Last updated: August 25, 2012 3:01 am

The invisible interpreters

As art galleries increasingly turn into spaces that engage the public, what is the role of the curator?
‘Lucky PDF TV’, an installation at Frieze Projects 2011©Dom Poirier

‘Lucky PDF TV’, an installation at Frieze Projects 2011

No artwork is fixed: its meaning is always malleable and susceptible to a whole range of influences. Of all the factors that shape our reactions to art, one of the most powerful is the hand of the curator. Yet curators are an invisible species – few of us witness their decision-making or know why they made certain choices or put this next to that.

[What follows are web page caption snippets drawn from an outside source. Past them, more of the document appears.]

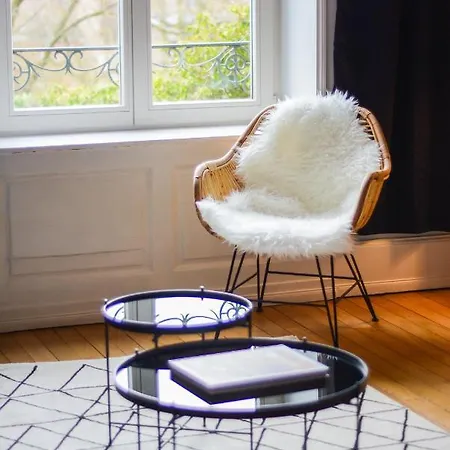 - Le Loft De Doryan ! Gare- Topappart Apartment Nancy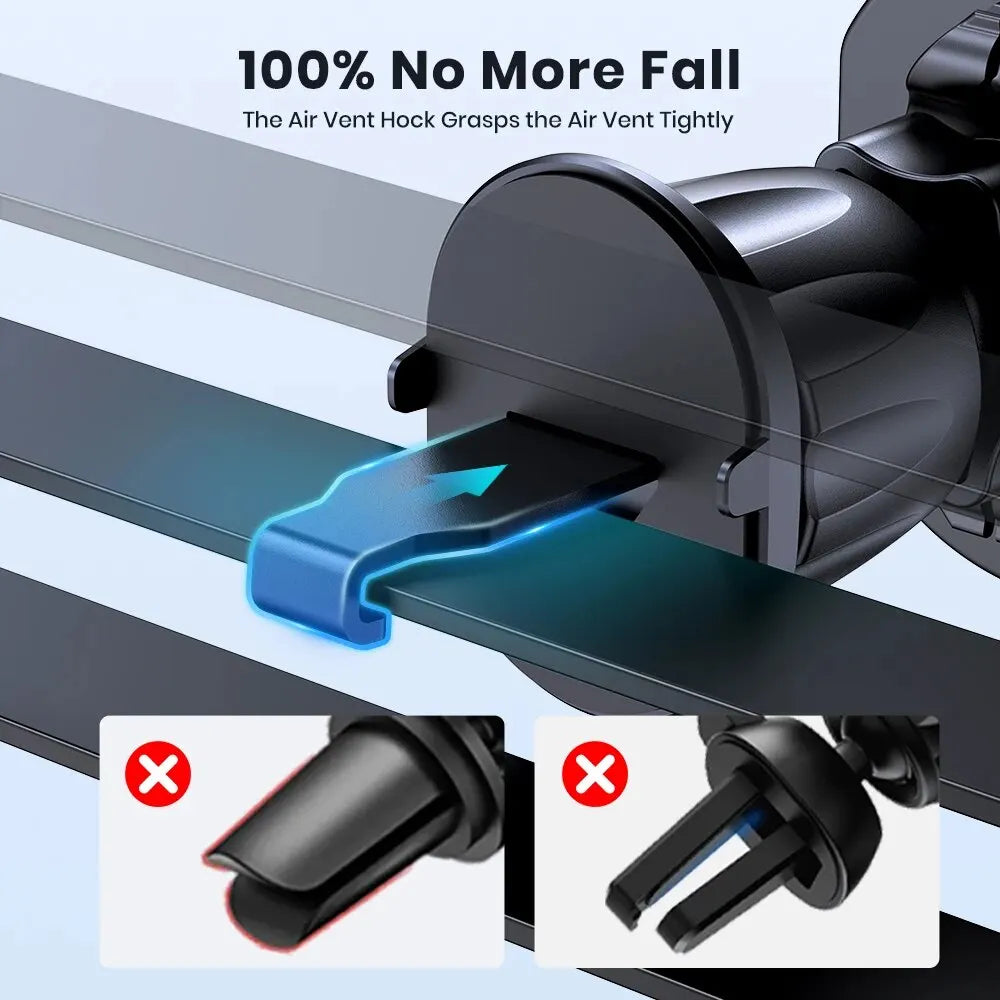 TOPK Magnetic N52 Air Vent Car Phone Holder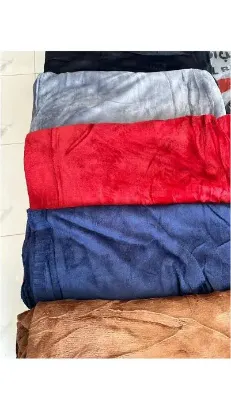 صورة بطانيه نفر نفر ونص خفيف  مقاس 170×210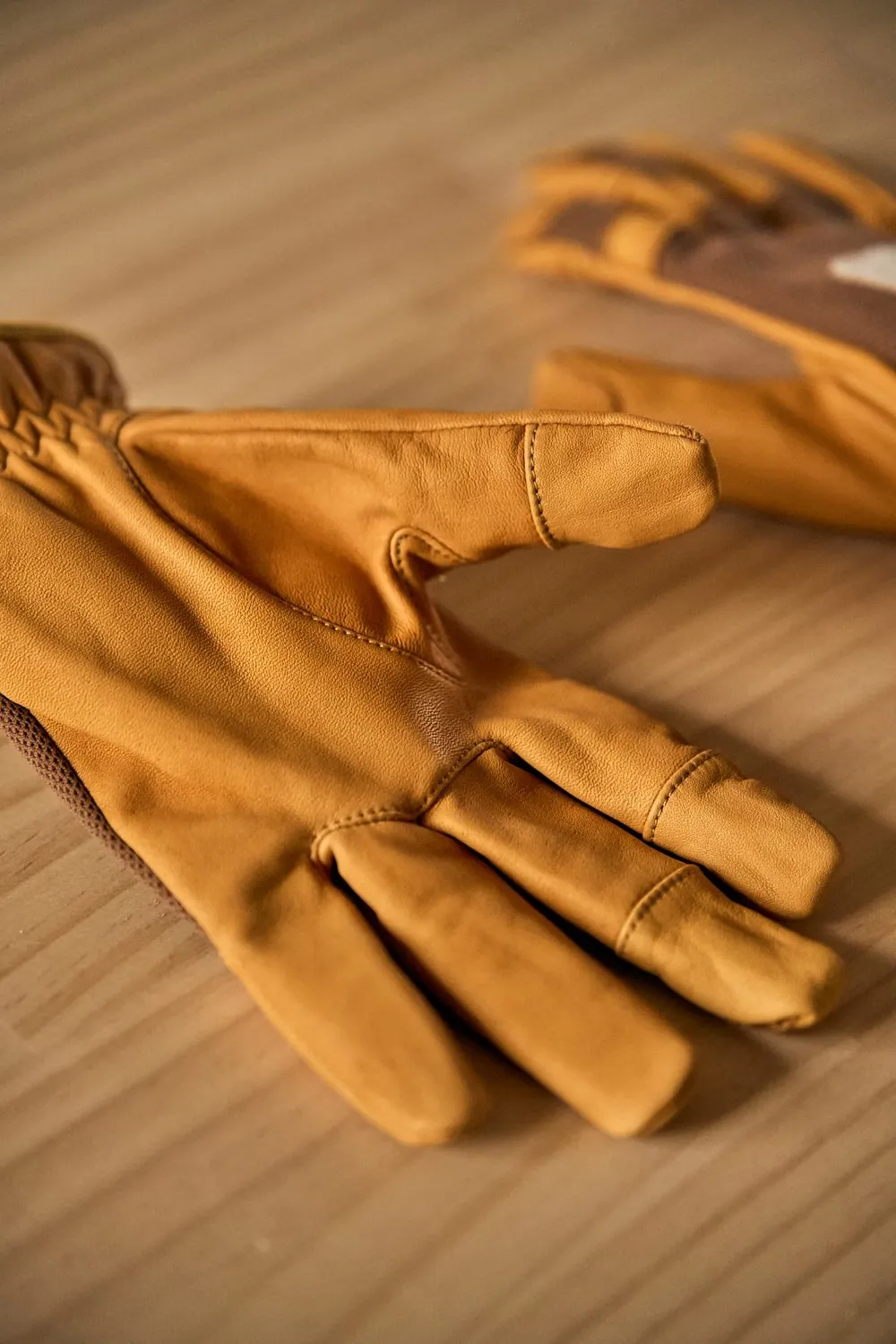 WHATNOT｜WORK GLOVES 皮革工作手套
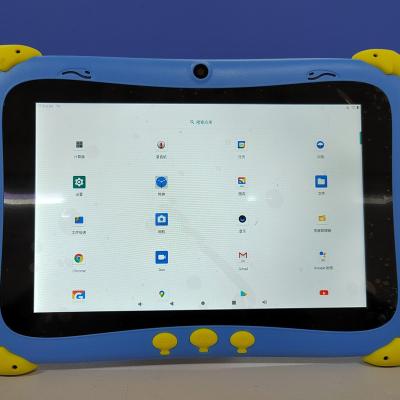China 8 inch Android11 wifi waterproof children educational learning android tablet for children Shenzhen OEM wifi tablet PC for sale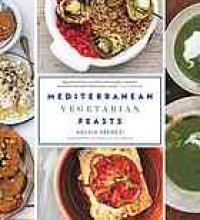 cover of the book Mediterranean vegetarian feasts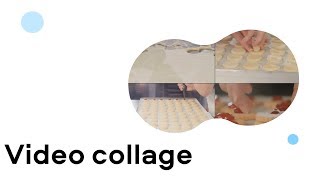 How to make a VIDEO COLLAGE | video editing (Tutorial 2020)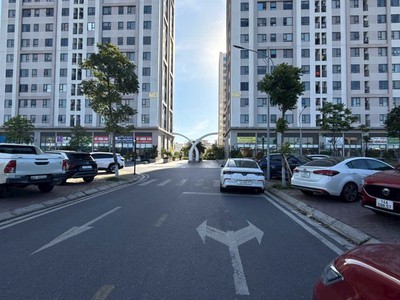 Bán lô góc 2 mặt tiền KDC Trần Hưng Đạo, TP Hải Dương, 220.38m2, đối diện chung cư, KD tốt 0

“A curator should disappear once everything’s up, to let people make up their minds,” insists Xavier Bray, chief curator of the Dulwich Picture Gallery in London. “That’s why it’s good not to over-interpret on behalf of the visitor. The argument [should be] presented in visual means, so ideally you don’t have to read the label. It’s a matter of letting go and letting the visual powers of the objects tell their own story.”

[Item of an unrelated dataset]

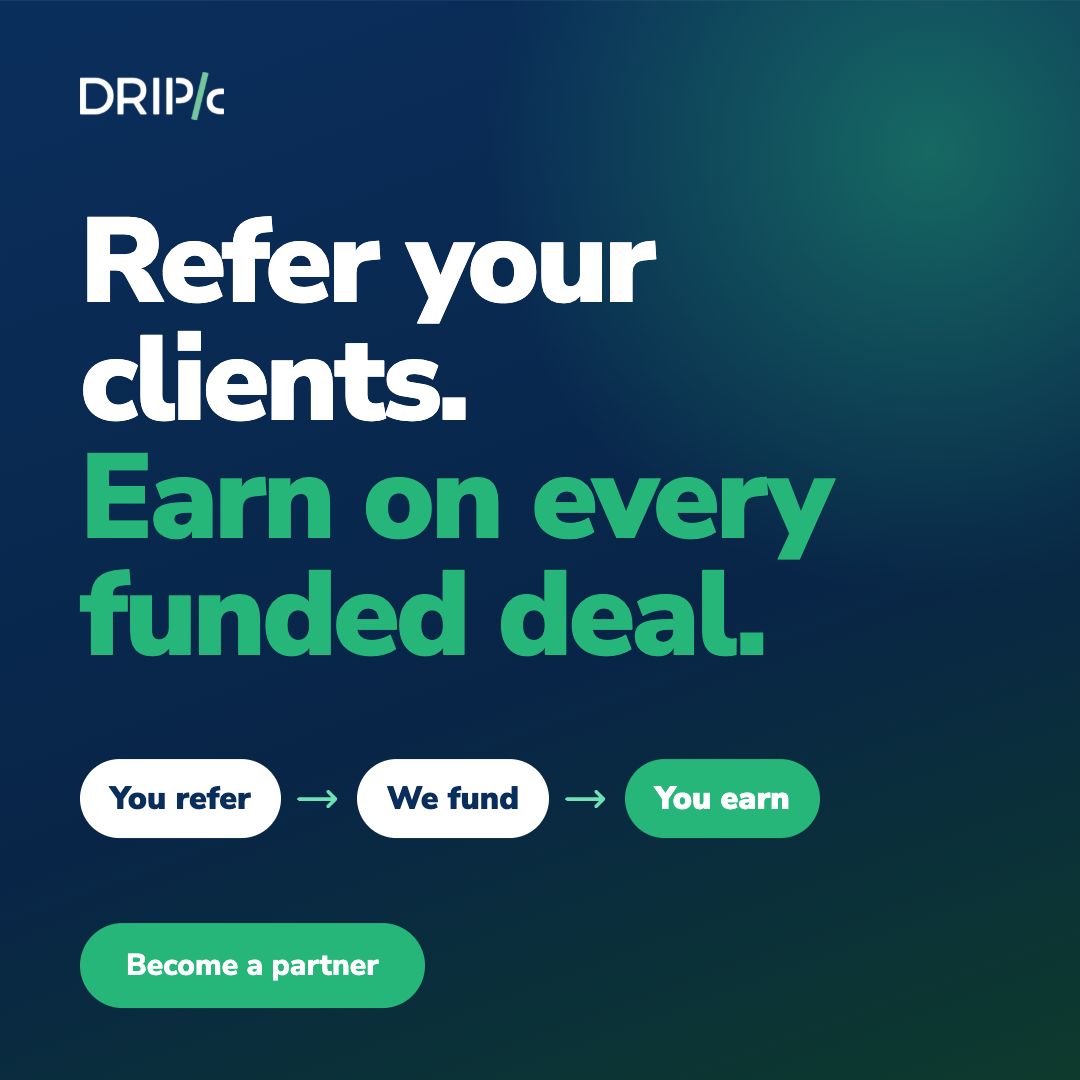 Drip Capital ad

‘The Sacred Made Real’, 2010, at the National Gallery of Art in Washington DC©Getty

‘The Sacred Made Real’, 2010, at the National Gallery of Art in Washington DC

That is certainly what happened at Bray’s Sacred Made Real: Spanish Painting and Sculpture 1600-1700 at the National Gallery in London and in Washington DC, in 2009-10. An exhibition of polychrome Madonnas and gory martyrs would be a hard sell, the National Gallery warned. “They told me, ‘Probably only Catholics will come and see this,’” Bray says. But the show was a resounding success, introducing an unfamiliar artistic tradition and asserting its position in the history of religious art. It was hailed as a curatorial coup for Bray, though he is modest, replying simply that “the curator’s job is to make [the work] look as beautiful as possible”.

This pronouncement on the classic role of the curator might sound a little out of date. French curator Vincent Honoré puts it rather differently. “I position the works in the right way and I activate them,” he says. Honoré is director of the David Roberts Art Foundation (DRAF) in London – an exhibition space for the 1,600-strong collection of the eponymous property developer.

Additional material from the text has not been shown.